If you’re a writer, or hoping to become one, then micro-fiction offers a way to practice your craft, find new readers and get ideas down on the page, fast and furious.
I’ve been experimenting with micro-fiction of late – and loving it.
Micro-fiction is a subset of flash fiction – which itself is normally defined as less than 1,000 words. Micro-fiction has no official definition, though it could be anything from 140 characters (for Twitter fiction) up to 100 words – or 250 words, or maybe even 500 words. Though that would really count as a magnum opus, the ‘War and Peace’ of micro-fiction.
Here why you should consider writing and reading micro-fiction:
1. It’s fast and fun
2. There are no rules (other than ‘keep it short’).
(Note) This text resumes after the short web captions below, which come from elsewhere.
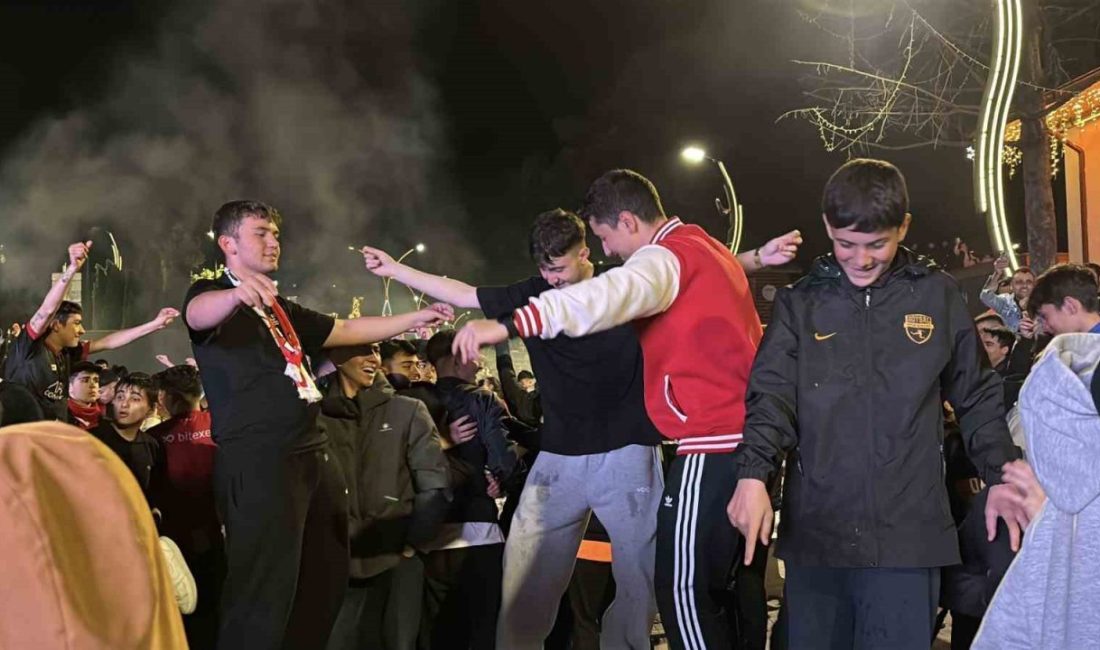 Trendyol 1. Lig yükselme play-off 1. Tur maçında Boluspor’un İstanbulspor’u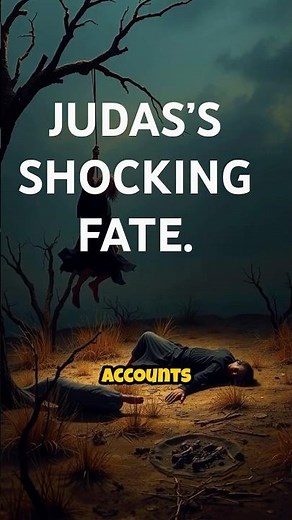What Happened to Judas After He Betrayed Jesus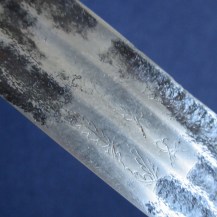 British 1827 Pattern Naval Flag Officers Sword with Andrea Ferrara Broadsword Blade 16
This is the Wild West of storytelling.
3. It’s a great way to re-use ideas that came to nothing (or half a page of scribbled lines)
4. It’s easy to experiment
5. It hones story-telling
6. It provides ideal content for your author blog or website
7. It’s an easy and quick way for readers to get to know your style and get to like your stuff.
8. You can easily fit it in between other projects, to keep your creative juices flowing.
9. Some of your micro tales may become launchpads for bigger projects.
10. It could help you find your feet, or your writing voice, or your genre, or your passion, or your own style.
11. (Because all good lists go to eleven) There are markets out there – webzine and magazines publishing micro-fiction. You may not earn a fortune, or even get published. But you have nothing to lose except a little time.